Light like an oat flake
6KB CSS, 2.2KB JS, minified + gzipped.
That's it.
Oat is an ultra-lightweight HTML + CSS, semantic UI component library with zero dependencies. No framework, build, or dev complexity. Just include the tiny CSS and JS files and you are good to go building decent looking web applications with most commonly needed components and elements.
Semantic tags and attributes are styled contextually out of the box without classes, forcing best practices, and reducing markup class pollution. A few dynamic components are WebComponents and use minimal JavaScript.
6KB CSS, 2.2KB JS, minified + gzipped.
That's it.
Fully-standalone with no dependencies on any JS or CSS frameworks or libraries. No Node.js ecosystem garbage or bloat.
Native elements like <button>, <input>, <dialog> and
semantic attributes like role="button" are styled directly. No classes.
Semantic HTML and ARIA roles are used (and forced in many places) throughout.

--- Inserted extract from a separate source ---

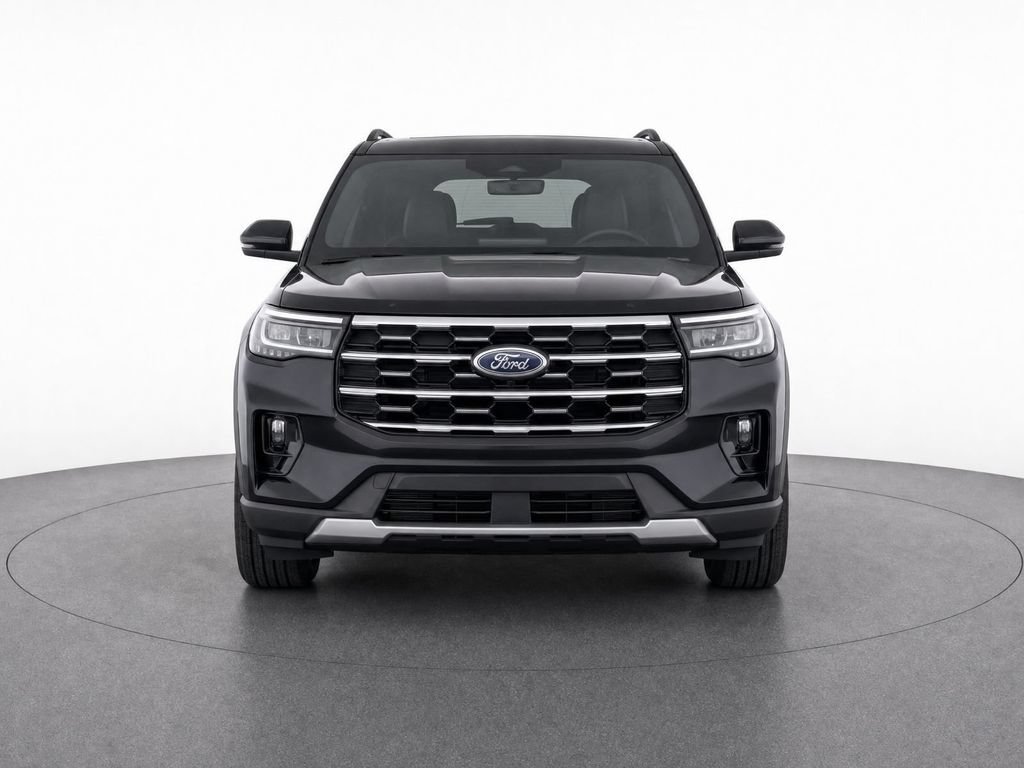 New 2026 Ford Explorer Active AWD/4WD image 5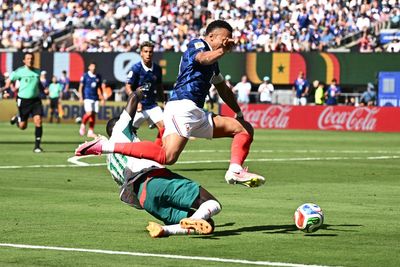 Kylian Mbappe controversially denied penalty against Senegal after VAR review – here’s why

Proper keyboard navigation support for all components and elements.
Easily customize the overall theme by overriding a handful of CSS variables. data-theme="dark" on body
automatically uses the bundled dark theme.
This was made this after the unending frustration with the over-engineered bloat, complexity, and dependency-hell of pretty much every Javascript UI library and framework out there; the continuous PTSD of rug-pulls and lockins of the Node.js ecosystem trash. [1] I've published this, in case other Node.js ecosystem trauma victims find it useful.
My goal is a simple, minimal, vanilla, standards-based UI library that I can use in my own projects for the long term without having to worry about trash. Long term because it's just simple vanilla CSS and JS. The look and feel is influenced by the shadcn aesthetic.